An important point here is, that we don’t know the who or why of this breach.  It’s possible that it is a group of people trying to simply expose vulnerabilities and create panic to exact reform.  It's not uncommon for people to do something just because they could.  

So what can you do if you are a victim of a data breach?  

Be vigilant in monitoring your financial statements.  Many scams involve charging your account a few dollars a month over a long period of time.  

Check your credit reports several times a year.  There are three major credit reporting agencies (Equifax, Experian and Transunion).  Each agency provides 1 free credit report per year, so if you run one every 4 months, each year you will have a good handle on activity.  To run your credit report, visit https://www.annualcreditreport.com.  For more information about free credit reports, visit https://www.consumer.ftc.gov/articles/0155-free-credit-reports.  There are also Credit Monitoring sites such as https://www.creditkarma.com and https://www.wallethub.com which will provide you with your credit score, activity, trending and more, for free.  You will receive constant “recommendations” (ads) on banking alternatives but these site have a lot to offer.

Consider freezing your credit.  Each credit reporting agency allows you to freeze your credit. To do this, you will need to visit each site (Experian, Equifax and Transunion) to complete the request.  Freezing your credit means that these agencies will not report your information to others.  This means that lending companies are unable to obtain your credit report and without this report, the would not issue credit.  This is an excellent method to protecting your credit but bear in mind that when you want to get a new car, mortgage, credit card or insurance, you will need to thaw your credit to proceed.  There may also be a fee to freeze and or thaw your credit.

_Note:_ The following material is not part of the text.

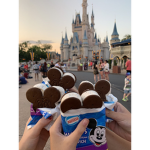 •Mis ositos•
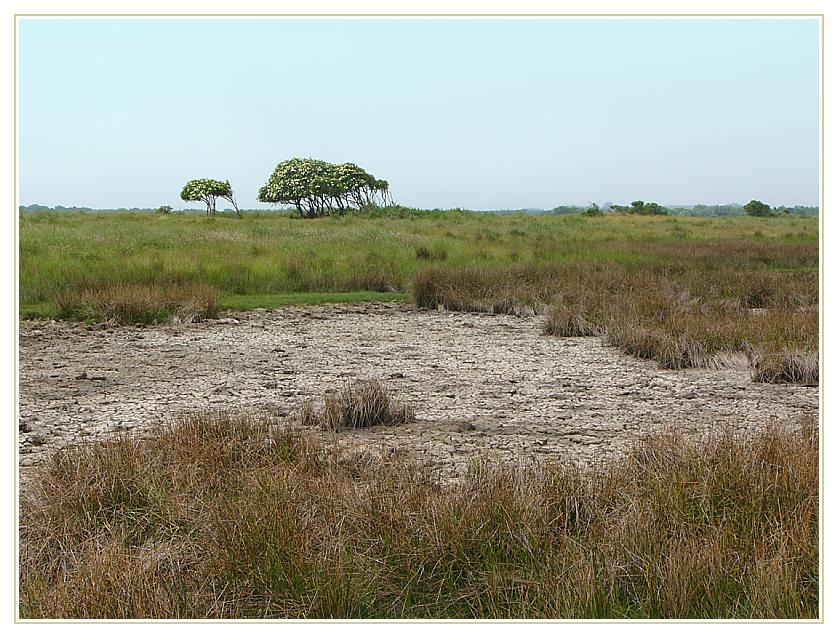 Nationalpark Schiermonnikoog IV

Identity protection and credit monitoring.  These are services which monitor your credit for activities which suggest there may be something malicious happening with your credit.  Additionally, many offer recovery services or identity theft insurance and other services.

Identity Theft insurance coverage is available at some insurance companies, and it could be included as part of your homeowners or other coverage.  Bear in mind, insurance does nothing to protect your credit or identity, it is reactive to aid in the restoration of such an event.

Don't be duped

There are scams already starting where you may be contacted via email or phone aleging that they are from Anthem.  If you should receive a call, DO NOT PROVIDE ANY PERSONAL INFORMATION.  If you should receive an email which takes you to a website, again DO NOT PROVIDE ANY PERSONAL INFORMATION.  

More information

For more information about this event, visit the Federal Trade Commission's website or Anthem's website.  

Anthem will be offering members with credit monitoring and ID protection services.  This will be communicated via postal mail.